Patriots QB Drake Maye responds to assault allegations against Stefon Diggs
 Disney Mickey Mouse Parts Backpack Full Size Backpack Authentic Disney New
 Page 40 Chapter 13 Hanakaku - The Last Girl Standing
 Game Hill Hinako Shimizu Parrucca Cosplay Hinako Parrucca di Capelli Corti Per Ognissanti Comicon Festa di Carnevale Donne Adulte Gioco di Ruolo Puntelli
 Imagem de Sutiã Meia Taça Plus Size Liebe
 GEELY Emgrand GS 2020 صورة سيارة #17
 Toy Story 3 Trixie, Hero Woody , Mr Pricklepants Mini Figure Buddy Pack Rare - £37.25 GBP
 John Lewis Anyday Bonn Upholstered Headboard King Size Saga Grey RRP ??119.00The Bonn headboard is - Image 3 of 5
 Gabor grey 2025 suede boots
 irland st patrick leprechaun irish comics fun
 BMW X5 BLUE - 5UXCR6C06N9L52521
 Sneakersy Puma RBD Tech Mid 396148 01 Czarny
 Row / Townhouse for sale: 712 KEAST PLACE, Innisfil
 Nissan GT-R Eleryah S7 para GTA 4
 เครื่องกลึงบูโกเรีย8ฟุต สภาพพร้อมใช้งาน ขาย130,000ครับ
--- --- ---
Output the data exactly, in full.

RESULT OF THIS TASK:
Patriots QB Drake Maye responds to assault allegations against Stefon Diggs
 Disney Mickey Mouse Parts Backpack Full Size Backpack Authentic Disney New
 Page 40 Chapter 13 Hanakaku - The Last Girl Standing
 Game Hill Hinako Shimizu Parrucca Cosplay Hinako Parrucca di Capelli Corti Per Ognissanti Comicon Festa di Carnevale Donne Adulte Gioco di Ruolo Puntelli
 Imagem de Sutiã Meia Taça Plus Size Liebe
 GEELY Emgrand GS 2020 صورة سيارة #17
 Toy Story 3 Trixie, Hero Woody , Mr Pricklepants Mini Figure Buddy Pack Rare - £37.25 GBP
 John Lewis Anyday Bonn Upholstered Headboard King Size Saga Grey RRP ??119.00The Bonn headboard is - Image 3 of 5
 Gabor grey 2025 suede boots
 irland st patrick leprechaun irish comics fun
 BMW X5 BLUE - 5UXCR6C06N9L52521
 Sneakersy Puma RBD Tech Mid 396148 01 Czarny
 Row / Townhouse for sale: 712 KEAST PLACE, Innisfil
 Nissan GT-R Eleryah S7 para GTA 4
 เครื่องกลึงบูโกเรีย8ฟุต สภาพพร้อมใช้งาน ขาย130,000ครับ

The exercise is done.